World Environment Day: Let’s Make Emissions Visible

Today, on World Environment Day, let’s move one step beyond slogans.

This year, World Environment Day focuses on climate change and the urgent signals the Earth is sending. UNEP’s 2026 campaign calls everyone to act #NowForClimate, with Azerbaijan hosting the global observance.

For HSE and Environment professionals, this is a good reminder:
We cannot manage what we do not measure.
And we cannot improve what we refuse to see.

This week, let’s explore Climate TRACE.

Climate TRACE is a free public platform that uses satellites, remote sensing, and artificial intelligence to provide a detailed view of greenhouse gas emissions across countries, sectors, and sources. Its emissions data is free and publicly available for download and API access.

Why is it useful for HSE and Environment professionals?

Many environmental discussions at site level still depend on assumptions, old reports, or beautifully formatted Excel sheets that nobody wants to disturb. Climate TRACE helps us bring open data into the discussion.

It may not replace official company monitoring or regulatory reporting, but it can help us ask better questions.

How can we use it practically?

1. Environmental awareness sessions
We can use the platform to show teams how emissions are linked to sectors such as:
* refineries
* power generation
* ports
* manufacturing
* transport
* waste
* oil and gas operations

This makes World Environment Day sessions more practical. Instead of only saying “protect the planet,” we can show where major emission sources come from and why environmental controls matter.

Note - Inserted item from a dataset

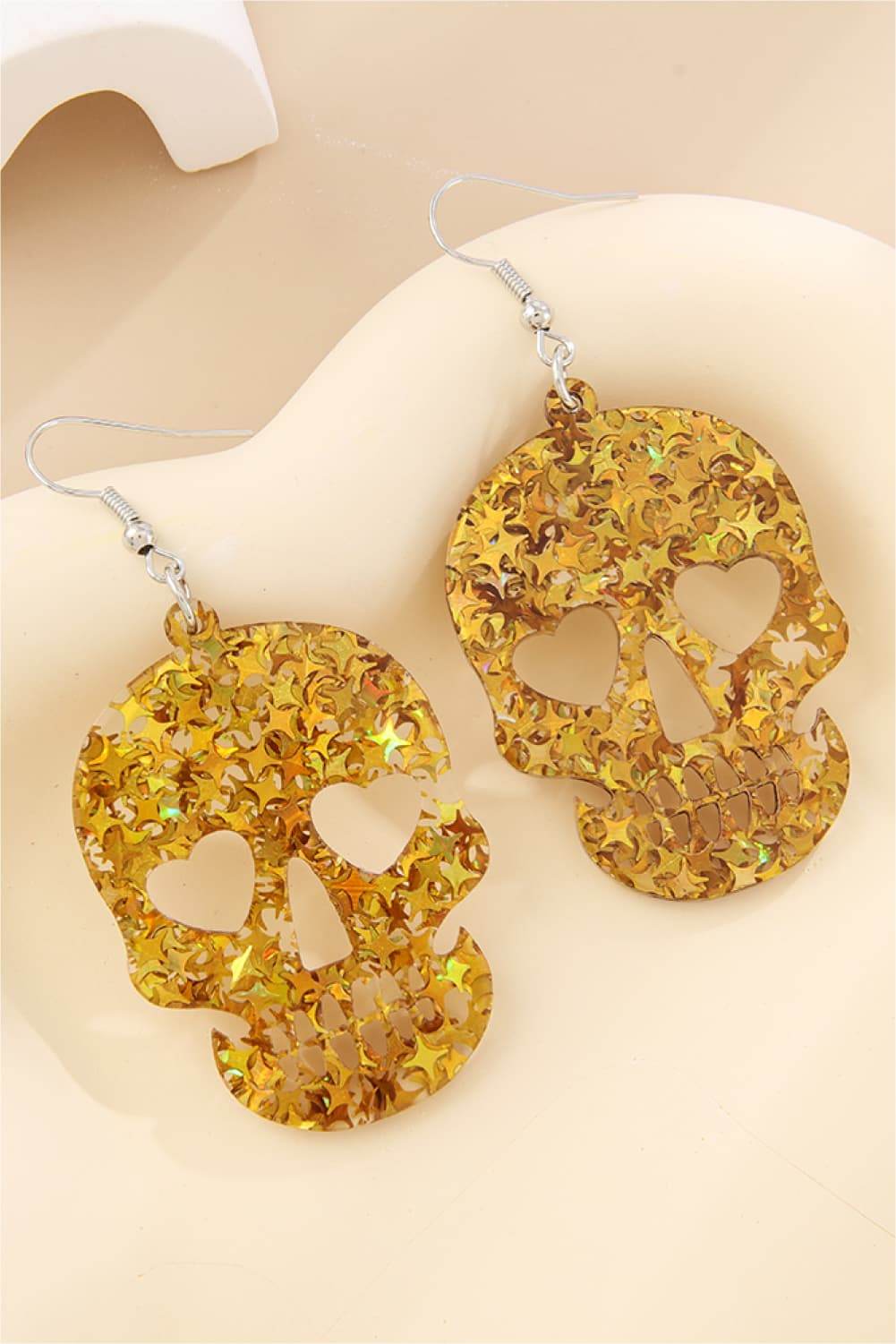 Acrylic Skull Drop Earrings - Stylish Statement Acrylic Skull Earrings for Unique Looks.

2. Management briefing and ESG discussion
HSE and Environment teams can use open emissions data to support early discussions on:
* carbon reduction priorities
* energy efficiency opportunities
* methane awareness
* flare and combustion sources
* contractor and supply chain sustainability
* climate risk communication

This can help management see environmental performance as a measurable issue, not just a poster competition with green leaves and suspiciously happy children.

3. Training young HSE professionals
For HSE officers, trainers, students, and exam aspirants, Climate TRACE can be used as a learning activity.

Example activity:
Select one country or sector → Review emission sources → Identify high-emission activities → Discuss practical control measures

This connects environmental theory with real-world data.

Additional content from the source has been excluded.